[Data records — start]
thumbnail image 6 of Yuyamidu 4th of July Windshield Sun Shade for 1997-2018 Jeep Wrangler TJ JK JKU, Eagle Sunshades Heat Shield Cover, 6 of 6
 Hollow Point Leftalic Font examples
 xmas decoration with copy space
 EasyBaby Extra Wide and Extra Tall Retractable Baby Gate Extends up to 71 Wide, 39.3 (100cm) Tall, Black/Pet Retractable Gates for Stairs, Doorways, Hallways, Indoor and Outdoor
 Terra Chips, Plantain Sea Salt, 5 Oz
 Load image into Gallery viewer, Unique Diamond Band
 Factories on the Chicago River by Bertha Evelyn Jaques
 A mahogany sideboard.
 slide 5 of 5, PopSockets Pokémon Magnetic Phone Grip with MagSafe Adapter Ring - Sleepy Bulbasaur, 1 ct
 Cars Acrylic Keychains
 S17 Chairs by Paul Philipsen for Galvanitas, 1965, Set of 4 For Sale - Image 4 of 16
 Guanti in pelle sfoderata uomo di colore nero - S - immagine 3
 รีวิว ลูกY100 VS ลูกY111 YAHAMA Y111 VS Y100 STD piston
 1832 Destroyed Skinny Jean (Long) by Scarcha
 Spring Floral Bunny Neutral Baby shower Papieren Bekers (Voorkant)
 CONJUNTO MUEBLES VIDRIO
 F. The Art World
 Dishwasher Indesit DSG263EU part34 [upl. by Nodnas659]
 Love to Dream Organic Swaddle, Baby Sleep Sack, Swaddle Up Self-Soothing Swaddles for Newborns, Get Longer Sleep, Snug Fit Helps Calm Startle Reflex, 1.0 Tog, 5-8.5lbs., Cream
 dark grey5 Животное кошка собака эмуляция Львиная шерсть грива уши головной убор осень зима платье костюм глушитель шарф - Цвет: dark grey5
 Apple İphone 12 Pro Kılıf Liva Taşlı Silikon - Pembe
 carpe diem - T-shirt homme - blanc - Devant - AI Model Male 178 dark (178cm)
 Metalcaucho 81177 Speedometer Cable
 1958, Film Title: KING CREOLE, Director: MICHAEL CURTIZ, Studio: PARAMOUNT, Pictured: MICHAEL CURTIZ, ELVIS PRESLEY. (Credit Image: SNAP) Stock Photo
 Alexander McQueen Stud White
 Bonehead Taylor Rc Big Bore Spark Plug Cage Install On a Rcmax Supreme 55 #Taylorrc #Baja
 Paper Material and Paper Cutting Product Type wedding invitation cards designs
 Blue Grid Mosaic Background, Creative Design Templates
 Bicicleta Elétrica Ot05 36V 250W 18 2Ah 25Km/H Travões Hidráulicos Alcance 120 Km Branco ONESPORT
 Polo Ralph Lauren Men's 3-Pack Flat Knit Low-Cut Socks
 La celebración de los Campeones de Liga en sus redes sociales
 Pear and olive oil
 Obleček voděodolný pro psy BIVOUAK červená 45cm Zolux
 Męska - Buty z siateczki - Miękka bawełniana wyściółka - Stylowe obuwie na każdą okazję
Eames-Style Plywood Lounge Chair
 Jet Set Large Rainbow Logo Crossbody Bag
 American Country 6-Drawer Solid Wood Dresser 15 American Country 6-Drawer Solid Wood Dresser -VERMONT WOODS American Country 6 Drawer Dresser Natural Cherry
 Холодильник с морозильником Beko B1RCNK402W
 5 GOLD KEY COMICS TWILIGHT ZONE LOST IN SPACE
[Data records — finish]
About this exercise - Could you write out, exactly as they stand, only the lines above that begin at the line with "Blue Grid Mosaic" and stop after the line with "Polo Ralph Lauren"?

Your solution -
 Blue Grid Mosaic Background, Creative Design Templates
 Bicicleta Elétrica Ot05 36V 250W 18 2Ah 25Km/H Travões Hidráulicos Alcance 120 Km Branco ONESPORT
 Polo Ralph Lauren Men's 3-Pack Flat Knit Low-Cut Socks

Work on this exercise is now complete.